Posted on July 15, 2008

French published inflation figures:

Inflation in France is only 2 % and  2,50 % is expected for 2009! ? What a joke. Even worse is that the media accepts to run this kind of circus and are prepared to publish this kind of nonsense.


Posted on July 8, 2008

Markets in a nutshell

  • We increasingly see global markets. What happens in the USA also happens in Europe.

  • The Plunge Protection Team has its hands full in trying to keep the key stock market indexes above their critical levels. As a result many technical chart patterns become increasingly unreliable. Once a pilot looses his GPS and Navigation radios, it is back to the watch and compass of the fundamental analysis.

  • Markets keep on coming down. Becoming more and more oversold, we will hopefully see some upward reaction soon. As most markets have now confirmed that they are in a secular bear market, any upward reaction has to be used to realign one’s portfolio.

  • Gold shares are slightly weaker in the wake of the sliding world markets (garage sale) and some are testing the upper limit of the triangle. Others move sideward hereby increasing the size of their consolidation pattern.

  • Oil shares are also slightly weaker. We decided to take profit on Conoco @ $ 91,64 and Total @ $ 82. with a gold price of $ 920, the action adds 18,88 onz. of Gold to our cash position.

  • Gold in Euro has failed to break out of the accumulation zone (€ 600 - € 560). Such an action only makes the accumulation formation bigger and the subsequent post-breakout upsurge bigger.

  • The Dow Jones Transportation has definitely left its double top and has also fallen back in a potential reversed Head and Shoulder formation. A bad omen for what is to come.

  • The Shanghai Composite has momentarily landed on his support zone. However, the actual 2,600 level is still 600 points away of the 2000 objective.

  • The FTSE has confirmed its  fall out of a top reversal formation and broke through a double bottom.

  • The French CAC has fallen through a double bottom and confirms his secular down trend.

  •  Financials continue to slide and better insurance co’s like Aetna are now also falling in a downtrend.

  • The Bank of New York has fallen out of a huge distribution zone. Chase has broken its uptrend. Fannie and Freddy have once more fallen through a double bottom. Credit Suisse has fallen through a multiple bottom formation. Remarkable is that most financials came down from their tops without any significant correction! A warning for all those still sitting on European financial/bank shares. 

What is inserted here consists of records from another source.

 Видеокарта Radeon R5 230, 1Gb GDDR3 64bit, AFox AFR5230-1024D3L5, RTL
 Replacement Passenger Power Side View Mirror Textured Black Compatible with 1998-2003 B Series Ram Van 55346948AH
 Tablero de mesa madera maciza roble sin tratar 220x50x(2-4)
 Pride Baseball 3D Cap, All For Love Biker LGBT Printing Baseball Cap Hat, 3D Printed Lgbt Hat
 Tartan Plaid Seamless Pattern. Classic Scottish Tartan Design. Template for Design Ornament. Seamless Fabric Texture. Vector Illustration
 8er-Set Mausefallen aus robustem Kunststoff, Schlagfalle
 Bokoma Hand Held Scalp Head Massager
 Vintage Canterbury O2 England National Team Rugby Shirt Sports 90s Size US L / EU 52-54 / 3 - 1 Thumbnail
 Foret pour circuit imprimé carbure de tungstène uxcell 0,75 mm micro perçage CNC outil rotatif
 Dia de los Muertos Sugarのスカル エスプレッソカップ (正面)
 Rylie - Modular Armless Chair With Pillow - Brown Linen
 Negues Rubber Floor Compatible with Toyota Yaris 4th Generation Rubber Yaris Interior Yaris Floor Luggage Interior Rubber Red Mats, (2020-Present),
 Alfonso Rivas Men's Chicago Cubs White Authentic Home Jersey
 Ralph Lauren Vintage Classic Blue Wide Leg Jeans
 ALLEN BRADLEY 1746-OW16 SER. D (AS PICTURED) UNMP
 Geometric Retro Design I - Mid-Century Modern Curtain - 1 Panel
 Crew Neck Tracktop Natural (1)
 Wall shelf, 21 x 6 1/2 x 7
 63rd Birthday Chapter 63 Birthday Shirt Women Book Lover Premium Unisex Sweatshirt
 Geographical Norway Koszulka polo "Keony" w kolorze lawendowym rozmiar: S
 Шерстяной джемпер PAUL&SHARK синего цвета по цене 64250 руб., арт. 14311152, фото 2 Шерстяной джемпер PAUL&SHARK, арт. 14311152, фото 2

  • In the USA, even BA (Boeing) and Macy's have confirmed their secular bear trend. UPS has fallen out of a majestic top-distribution formation.

  •  The upward breakout of Copper through of its' top formation was aborted.


Posted on July 2, 2008

Will Trichet increase the basic interest rate?..or how to make a depression out of a recession!

In a traditional European way of secretive banking, one can only guess whether Trichet is willing to risk the side effects of higher EU interest rates and a stronger Euro in order to bring down the price of energy and imported goods.

The answer to this question has been puzzling me for over a week. It got worse last week when Germany joined other countries like Spain and France as opponents to a possible rate hike. Europe is like the USA sitting between the same hard rock and plate (welcome to the club). Most economies of a lot of EU members are in serious trouble. Financials and Stock markets are collapsing.  The Real Estate markets have dried up and prices on the continent are sliding silently. 

The temptation however, is that an increase in interest rate discrepancy between the Dollar and the Euro will further push down the dollar and make the inflated price of imports cheaper. In other words, such an action will momentarily bring down the price of Oil and Food commodities expressed in Euro and the inflation pressure. At the same time, it will break the back of the European economic camel. All by all it would give the impression the ECB is fighting the very inflation she is responsible for by printing Euros out of thin air.

Tomorrow, Trichet could end with the same Oracle talk Bernanke used last month. Doing nothing…but talking. However it looks like he will give it a try and rise the interest rates just to check out whether the EU economy would benefit and at the same time make a lot of enemies.

There is a down flag formation in the make on the chart of the Dollar index and the Full Stochastics show a sell signal (see currencies) . A break through the 1.60 will signal a deeper bottom for the Dollar. To be continued...

According to Ambrose of the Telegraph, Trichet will by this action push the EU and the world over the cliff. He will do exactly what all politicians normally do: "make a depression out of recession". Exactly the same scenario happened in the 1930's. Some people never learn! .click here for more....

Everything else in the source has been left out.